1. Severity of the issue: (select one)
High: Completely blocks me.
2. Environment:
- Ray version: 2.45.0
- Python version: 3.9
- OS: MacOS
3. What happened vs. what you expected:
- Expected: IAfter
tune.register_env("double_dunk", env_creator)
and callingconfig.build_algo()
, RLlib should recognize my custom PettingZoo env and launch training. Overall, I expect a normal PPO training loop on my DoubleDunk-v3 environment without crashes. - Actual: Immediately after starting, the training crashes returning the following errors:
EnvError: The env string you provided ('double_dunk_v3') is:
a) Not a supported or -installed environment.
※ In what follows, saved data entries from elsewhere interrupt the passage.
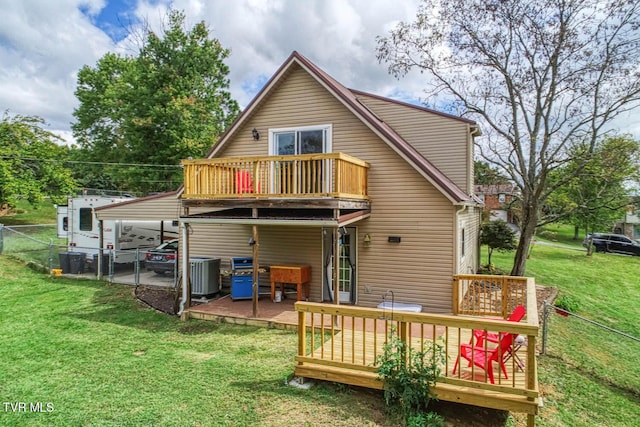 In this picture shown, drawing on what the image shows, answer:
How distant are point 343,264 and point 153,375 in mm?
5895

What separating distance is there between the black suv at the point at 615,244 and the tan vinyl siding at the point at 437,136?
2028 centimetres

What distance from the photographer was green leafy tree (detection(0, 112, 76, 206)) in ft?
85.6

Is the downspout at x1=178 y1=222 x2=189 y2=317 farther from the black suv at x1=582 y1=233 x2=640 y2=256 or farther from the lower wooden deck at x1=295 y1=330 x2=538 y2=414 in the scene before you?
the black suv at x1=582 y1=233 x2=640 y2=256

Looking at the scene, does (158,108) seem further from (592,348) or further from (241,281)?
(592,348)

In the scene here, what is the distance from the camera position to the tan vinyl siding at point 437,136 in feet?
38.2

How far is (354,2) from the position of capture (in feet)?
42.9

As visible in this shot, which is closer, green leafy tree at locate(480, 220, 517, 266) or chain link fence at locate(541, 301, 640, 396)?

b) Not a tune-registered environment creator.
c) Not a valid env class string.
Try one of the following:
a) For Atari support: `pip install gym[atari] autorom[accept-rom-license]`.
For PyBullet support: `pip install pybullet`.
b) To register your custom env, do `from ray import tune;
tune.register_env('[name]', lambda cfg: [return env obj from here using cfg])`.
Then in your config, do `config.environment(env='[name]').
c) Make sure you provide a fully qualified classpath, e.g.:
`ray.rllib.examples.envs.classes.repeat_after_me_env.RepeatAfterMeEnv`
I have tried all the steps mentioned above, but none of them actually helped me to solve the issue.
This is my code for reproducibility:
def env_creator(config):
repeat_p = config.get("repeat_action_probability", 0.25)
frame_skip = config.get("frame_skip", 4)
stack = config.get("stack", 4)
env = double_dunk_v3.parallel_env()
env = ss.max_observation_v0(env, 2)
env = ss.sticky_actions_v0(env, repeat_action_probability=repeat_p)
env = ss.frame_skip_v0(env, frame_skip)
env = ss.color_reduction_v0(env, mode="full")
env = ss.resize_v1(env, 84, 84)
env = ss.frame_stack_v1(env, stack)
return PettingZooEnv(env)
env_name = "double_dunk_v3"
register_env(env_name, env_creator)
ray.shutdown()
ray.init()
env_temp = env_creator({})
obs_space = env_temp.observation_space
act_space = env_temp.action_space
config = (
PPOConfig()
.environment(env_name)
.framework("torch")
.env_runners(num_env_runners=0)
.training(lr=2e-4, train_batch_size_per_learner=2000, num_epochs=10, gamma=0.9)
.multi_agent(
policies={"self_play": (None, obs_space, act_space, {})},
policy_mapping_fn=lambda agent_id, **kw: "self_play"
)
)
algorithm = config.build_algo()
for i in range(10):
result = algorithm.train()